━━━ Supplied records

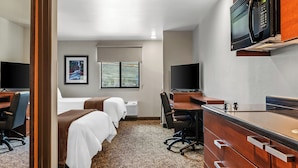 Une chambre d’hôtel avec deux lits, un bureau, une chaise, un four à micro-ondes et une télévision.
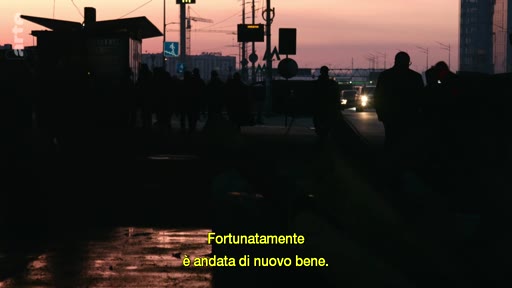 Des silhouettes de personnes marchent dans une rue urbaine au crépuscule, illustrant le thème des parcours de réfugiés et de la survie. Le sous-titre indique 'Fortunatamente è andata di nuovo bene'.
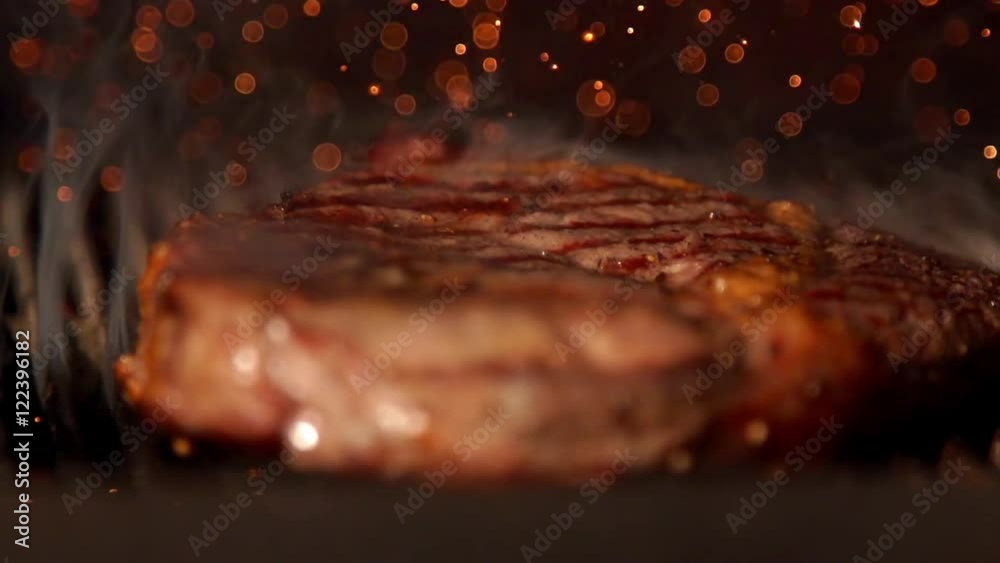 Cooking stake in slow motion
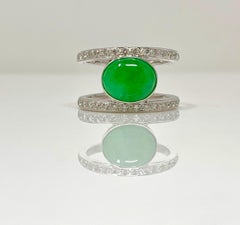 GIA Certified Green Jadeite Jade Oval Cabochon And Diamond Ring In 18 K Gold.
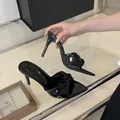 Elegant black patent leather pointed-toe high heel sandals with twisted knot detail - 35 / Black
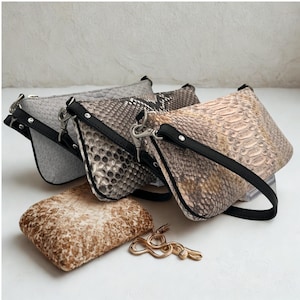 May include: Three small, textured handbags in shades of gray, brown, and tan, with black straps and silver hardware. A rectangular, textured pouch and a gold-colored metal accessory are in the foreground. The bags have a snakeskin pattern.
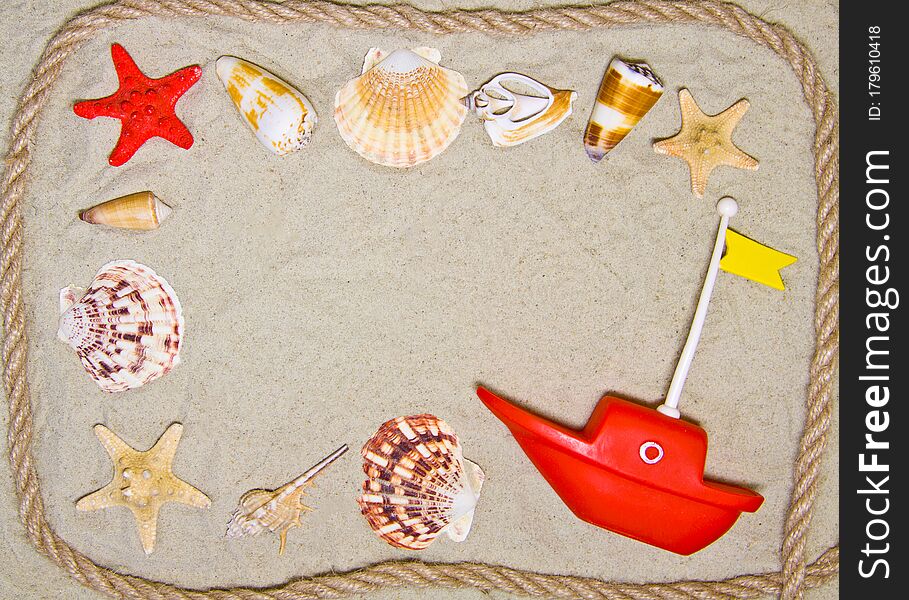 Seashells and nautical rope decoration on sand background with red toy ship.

━━━━━━
━━━ Supplied records

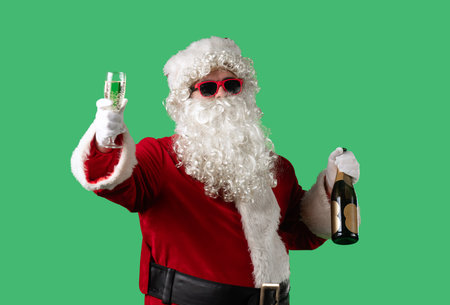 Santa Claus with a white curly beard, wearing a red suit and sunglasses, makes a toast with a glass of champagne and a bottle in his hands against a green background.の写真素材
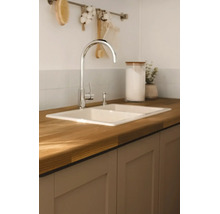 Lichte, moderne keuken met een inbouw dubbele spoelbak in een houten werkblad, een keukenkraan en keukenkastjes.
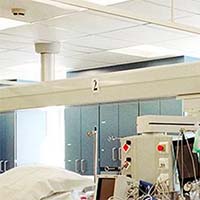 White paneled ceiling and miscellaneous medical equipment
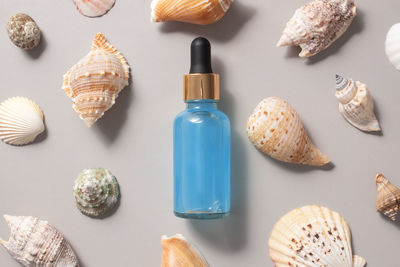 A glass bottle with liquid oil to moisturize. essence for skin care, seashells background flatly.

━━━━━━

◆ **Exercise details**:
In the listing above, find the line with "White paneled ceiling" and the line with "A glass bottle". Set down both and every line between them, minus the pictures.

◆ **Answer to the problem**:
 White paneled ceiling and miscellaneous medical equipment
 A glass bottle with liquid oil to moisturize. essence for skin care, seashells background flatly.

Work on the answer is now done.